Agapanthus gall midge is the big one for Cornwall – what a disaster! This midge was unknown to science until 2016 and only arrived in my garden last year but by this year there are few unaffected plants. Like the Hemerocallis midge, the fly injects its eggs into the Agapanthus flower bud, the small orange larvae consume and distort the buds and it fails to flower. Unchecked, the entire plant loses its flowers. Again, the only control is to remove and destroy all the affected flower heads to prevent the pupal stage overwintering in the soil. There are no biological or chemical controls known to affect this midge. I fear that this is a very successful pest with a huge host population in the area. We may be losing this iconic summer flower of Cornish gardens.

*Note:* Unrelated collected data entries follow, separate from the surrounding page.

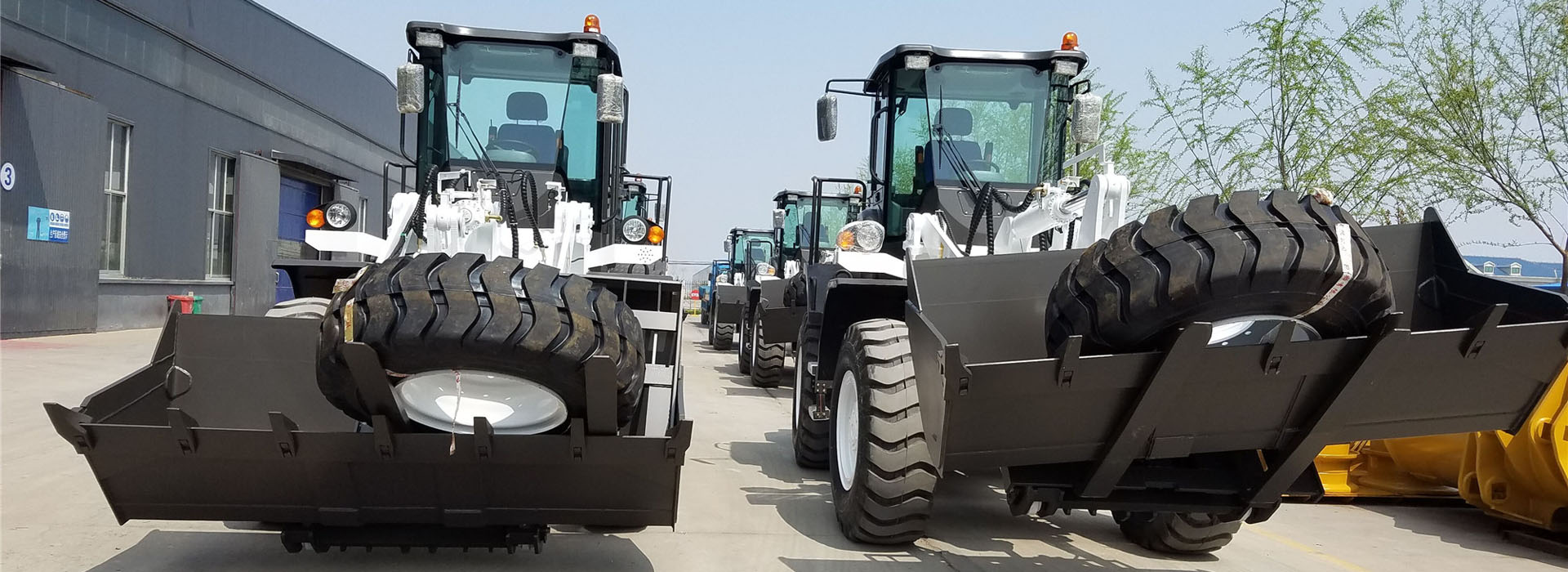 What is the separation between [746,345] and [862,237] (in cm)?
959

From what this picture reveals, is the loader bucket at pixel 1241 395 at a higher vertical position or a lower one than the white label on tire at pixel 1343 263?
lower

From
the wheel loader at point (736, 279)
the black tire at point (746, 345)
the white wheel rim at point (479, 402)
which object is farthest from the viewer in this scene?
the wheel loader at point (736, 279)

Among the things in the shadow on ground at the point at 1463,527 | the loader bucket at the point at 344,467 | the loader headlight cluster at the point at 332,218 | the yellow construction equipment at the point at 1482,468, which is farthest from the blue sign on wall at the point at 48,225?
the shadow on ground at the point at 1463,527

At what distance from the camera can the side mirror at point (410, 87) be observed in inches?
273

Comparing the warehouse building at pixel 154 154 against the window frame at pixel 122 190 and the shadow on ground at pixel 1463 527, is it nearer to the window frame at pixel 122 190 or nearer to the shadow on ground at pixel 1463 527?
the window frame at pixel 122 190

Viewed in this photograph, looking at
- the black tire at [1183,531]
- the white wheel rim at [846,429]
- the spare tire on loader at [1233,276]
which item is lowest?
the black tire at [1183,531]

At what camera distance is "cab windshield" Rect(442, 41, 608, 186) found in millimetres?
7660

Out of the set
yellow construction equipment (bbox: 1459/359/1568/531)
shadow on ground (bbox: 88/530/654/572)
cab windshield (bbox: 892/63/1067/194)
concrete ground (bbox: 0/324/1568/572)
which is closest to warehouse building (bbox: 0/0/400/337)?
concrete ground (bbox: 0/324/1568/572)

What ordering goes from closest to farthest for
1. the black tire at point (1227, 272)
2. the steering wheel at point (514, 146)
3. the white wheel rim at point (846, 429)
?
the black tire at point (1227, 272) → the white wheel rim at point (846, 429) → the steering wheel at point (514, 146)

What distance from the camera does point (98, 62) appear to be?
56.3 ft

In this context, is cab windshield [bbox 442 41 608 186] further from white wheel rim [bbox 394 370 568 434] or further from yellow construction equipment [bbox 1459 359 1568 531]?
yellow construction equipment [bbox 1459 359 1568 531]

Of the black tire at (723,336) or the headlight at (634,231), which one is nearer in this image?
the headlight at (634,231)

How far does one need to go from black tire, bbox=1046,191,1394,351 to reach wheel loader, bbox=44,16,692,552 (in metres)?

Fuchsia Gall Mite is another nasty beasty that has appeared in my garden in the last 3 years. The mites are microscopic sap suckers. They secrete chemicals that distort new growth resulting in ugly eruptions instead of flowers. Removing and destroying the affected tissue has helped to control it but I fear that it is yet another pest that will require vigilance to control. There is a predatory mite sold as a biological control but I haven’t tried it yet.
“Big fleas have little fleas upon their backs to bite them, and little fleas have lesser fleas, and so ad infinitum” Swift 1733.